### Given data

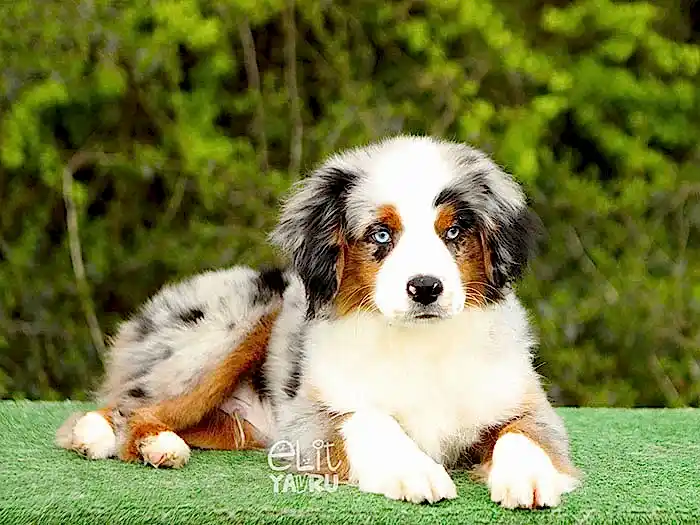 Miniature American Shepherd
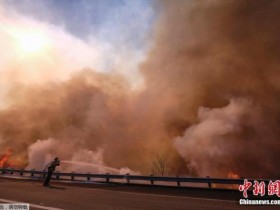 【蜗牛棋牌】美加州山火致逾40死 特朗普宣布实行重大灾害制度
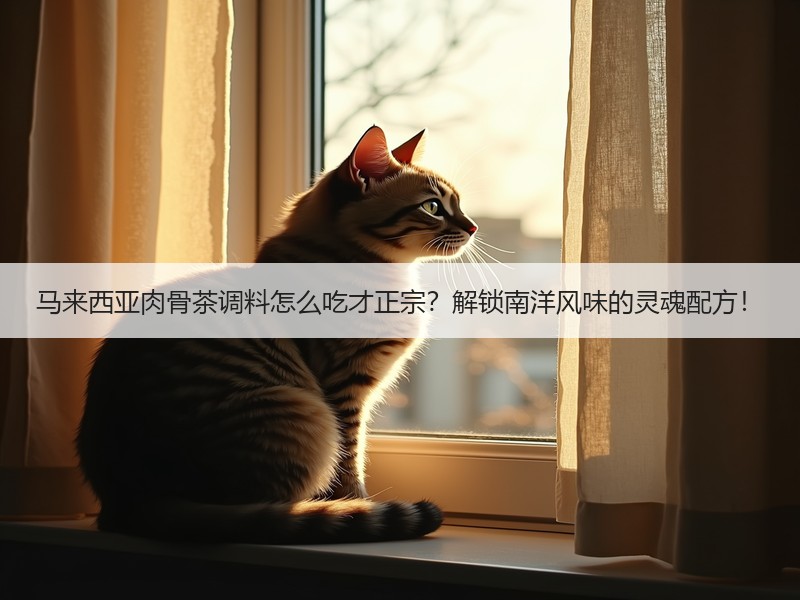 马来西亚肉骨茶调料怎么吃才正宗？解锁南洋风味的灵魂配方！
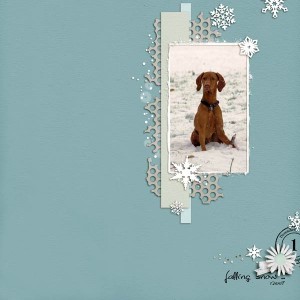falling snow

### Directions for this task
Please produce an exact copy of all the material, leaving out the pictures.

### Response below
 Miniature American Shepherd
 【蜗牛棋牌】美加州山火致逾40死 特朗普宣布实行重大灾害制度
 马来西亚肉骨茶调料怎么吃才正宗？解锁南洋风味的灵魂配方！
falling snow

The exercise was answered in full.